Para Ditommaso, apesar de ser conhecida como Lei da Adoção, a legislação reforça a proteção da família de origem, até mesmo de maneira exagerada, ao invés de incentivar de fato o processo adotivo. “Respondemos pelos atos que praticamos, mas a lei não cobra responsabilidade dos pais. Assim, o tempo vai passando e as crianças permanecem abrigadas”, comenta.

‘Ela nasceu para a gente’, diz mãe adotiva

Demorou quatro anos e dois meses para que o casal formado pela babá Alessandra Tavares, 35 anos, e pelo jornalista George Tavares, 43, tivesse concretizada a adoção da pequena Beatriz, 5. Após longo e burocrático processo judicial, a única certeza dos moradores da Vila Conceição, em Diadema, é que tudo valeu a pena. “Já sabíamos que ela era nossa. Apesar de toda a angústia durante esse período, tinha plena certeza de que ela nasceu para a gente”, destaca a mãe.

Junto há 16 anos, o casal sempre teve em mente a ideia de ter dois filhos, sendo um biológico e um adotivo. No entanto, o destino traçou planos diferentes para os dois. Após 11 anos de tentativas de engravidar, incluindo uma inseminação artificial sem sucesso, Alessandra e George ficaram sabendo de uma mulher que queria doar o bebê na Bahia. “Viajei para lá e acompanhei o fim da gestação e o parto. Assim que ela nasceu, dei entrada no processo para adoção”, revela Alessandra.

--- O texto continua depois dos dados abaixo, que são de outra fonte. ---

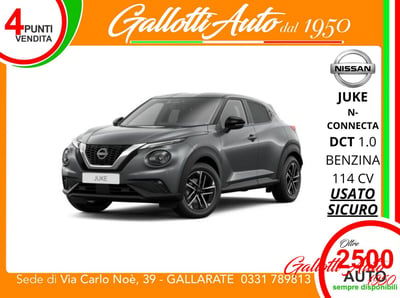 Nissan Juke 1.0 dig-t N-Connecta 114cv dct usata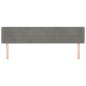 vidaXL Cabecero de terciopelo gris claro 183x16x78/88 cm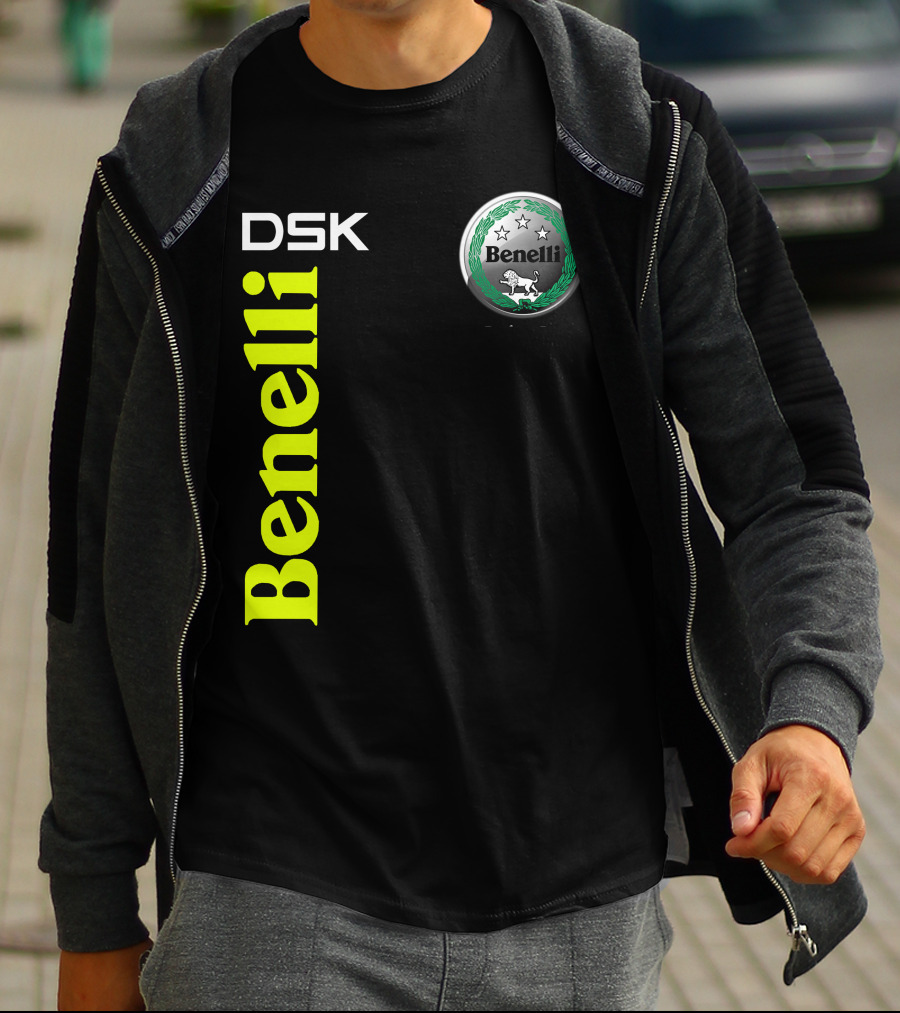 Benelli Dsk Logo With Emblem And Stars T-Shirt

A única exigência era ter uma menina. “Não mudou em nada meu desejo de tê-la quando vi que ela seria negra. Alessandra destaca que foi amor à primeira vista. “Valeu a pena esperar 11 anos para conhecer ela”, garante. Ela acrescenta ainda que a família, infelizmente, chega a ser alvo de preconceito, tendo em vista que o casal é branco e a filha é negra. “Sentimos os olhares curiosos e até mesmo preconceituosos durante os passeios”, observa.

O desejo do casal de ter um filho biológico passou. Agora, eles estudam nova adoção. “Só posso dizer àqueles que estão na fila para adotar que não desistam. Que corram atrás do sonho e não adotem por dó, mas por amor. Vale a pena”, resume Alessandra.